_How to complete this task_: Pictures must be dropped from the copy of the entries below; all else is returned exactly.

_The records_:
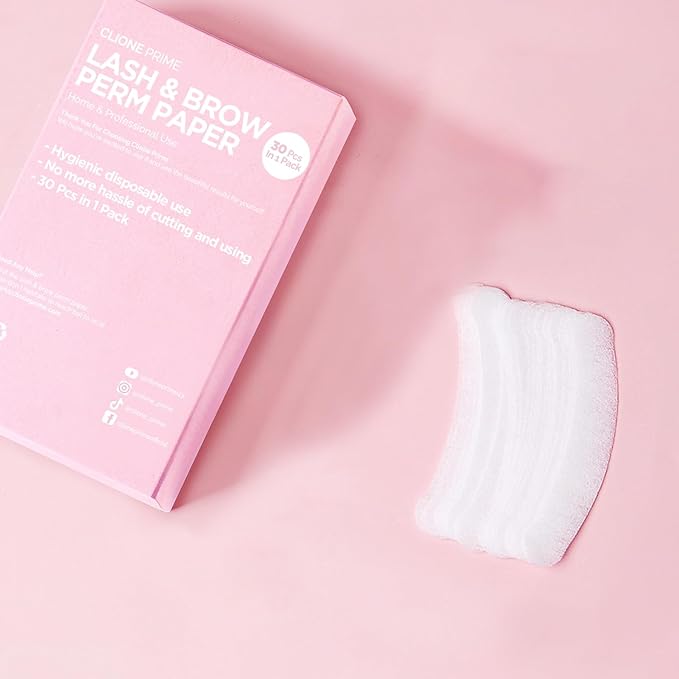 Lash Perm Paper - Professional Grade Eyebrow Perm Paper for Eyebrow Lamination, Skin Protective, Non Irritating, Perm Paper for Lash Lift & Brow Lamination Kits, 100% Vegan & Cruelty Free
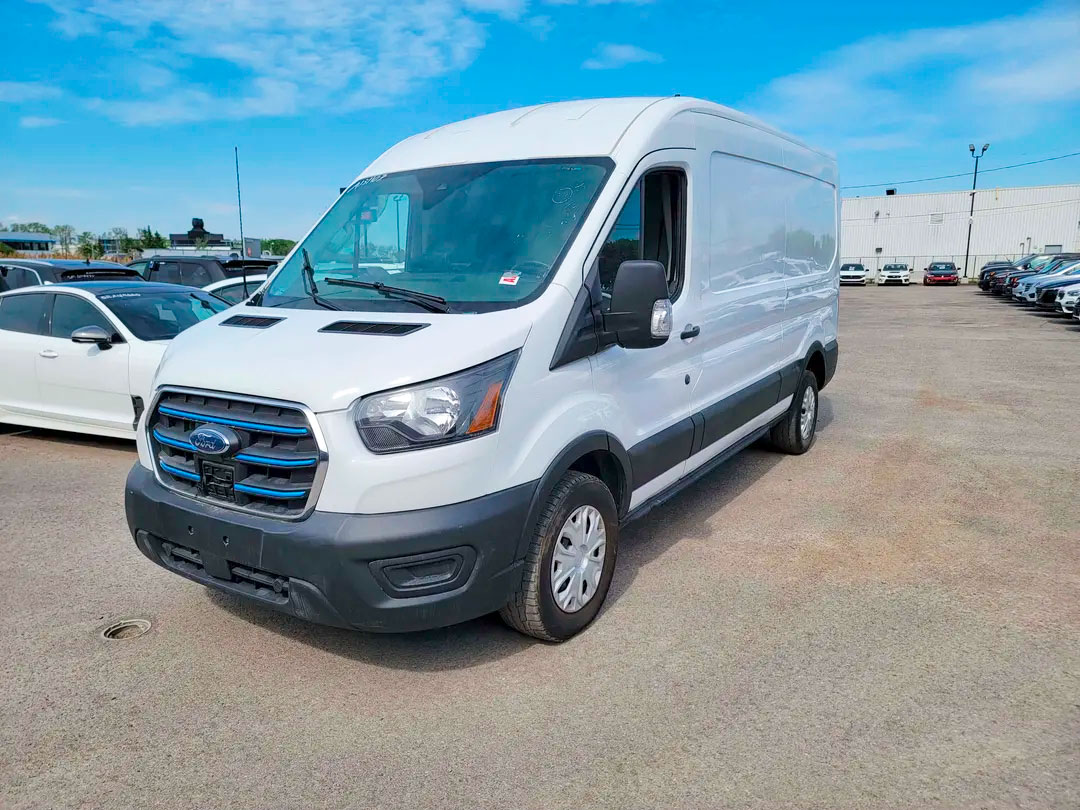 2022 Ford E-Transit Cargo Van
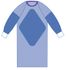 Gown, 2X-large, sterile, fabric reinforced with hook and loop closure, sold as 100/case by Aurora Medline SPT-2803CS<br><br><font color="red"><b>BACK TO THE PRODUCT TABLE, <a href="https://www.aaawholesalecompany.com/medline-or-surgery-surgical-gowns-disposable-surgical-gowns-reinforced-aurora-gowns.html">CLICK HERE</a></b></font>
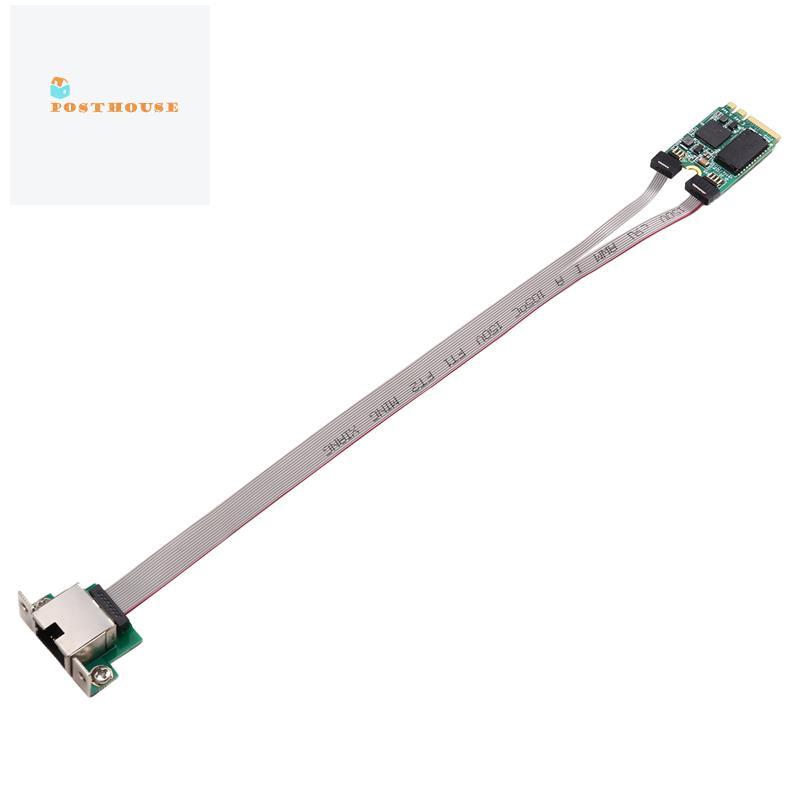 [posthouse]การ์ดเครือข่ายความเร็วสูง M.2 A+E KEY 5Gbps, พอร์ต RJ45, ชิป RTL8126, บูต PXE สําหรับ Win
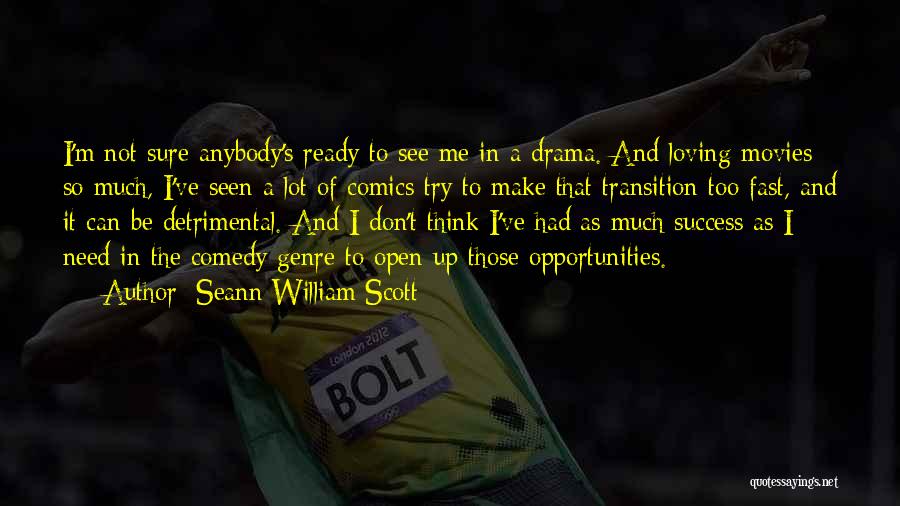 Sure Success Quotes By Seann William Scott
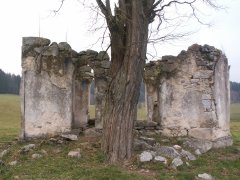 pohled zprava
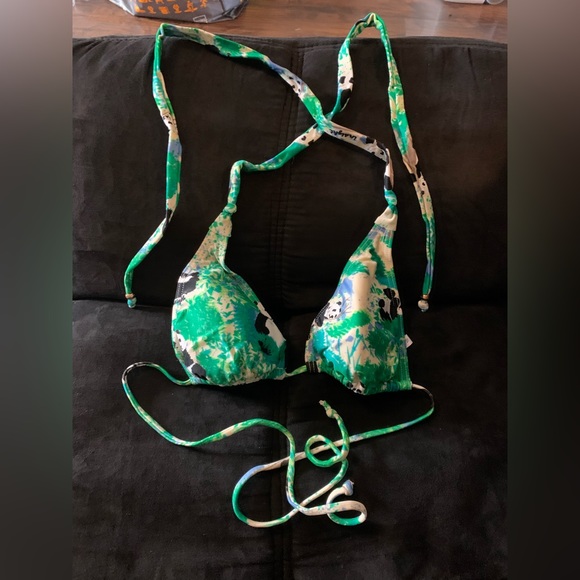 Bikini Femme Insight Rose Camouflage Multicolore – Taille 6, Neuf Avec étiquettes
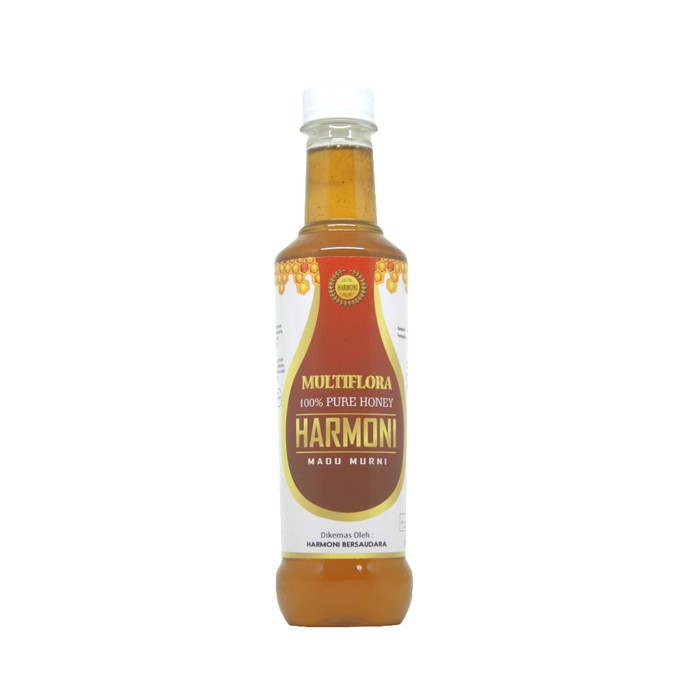 

Madu Murni Harmoni Multiflora /Madu Manis Asli Multiflora Asli Original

_Finished exercise_:
 Lash Perm Paper - Professional Grade Eyebrow Perm Paper for Eyebrow Lamination, Skin Protective, Non Irritating, Perm Paper for Lash Lift & Brow Lamination Kits, 100% Vegan & Cruelty Free
 2022 Ford E-Transit Cargo Van
 Gown, 2X-large, sterile, fabric reinforced with hook and loop closure, sold as 100/case by Aurora Medline SPT-2803CS<br><br><font color="red"><b>BACK TO THE PRODUCT TABLE, <a href="https://www.aaawholesalecompany.com/medline-or-surgery-surgical-gowns-disposable-surgical-gowns-reinforced-aurora-gowns.html">CLICK HERE</a></b></font>
 [posthouse]การ์ดเครือข่ายความเร็วสูง M.2 A+E KEY 5Gbps, พอร์ต RJ45, ชิป RTL8126, บูต PXE สําหรับ Win
 Sure Success Quotes By Seann William Scott
 pohled zprava
 Bikini Femme Insight Rose Camouflage Multicolore – Taille 6, Neuf Avec étiquettes

Madu Murni Harmoni Multiflora /Madu Manis Asli Multiflora Asli Original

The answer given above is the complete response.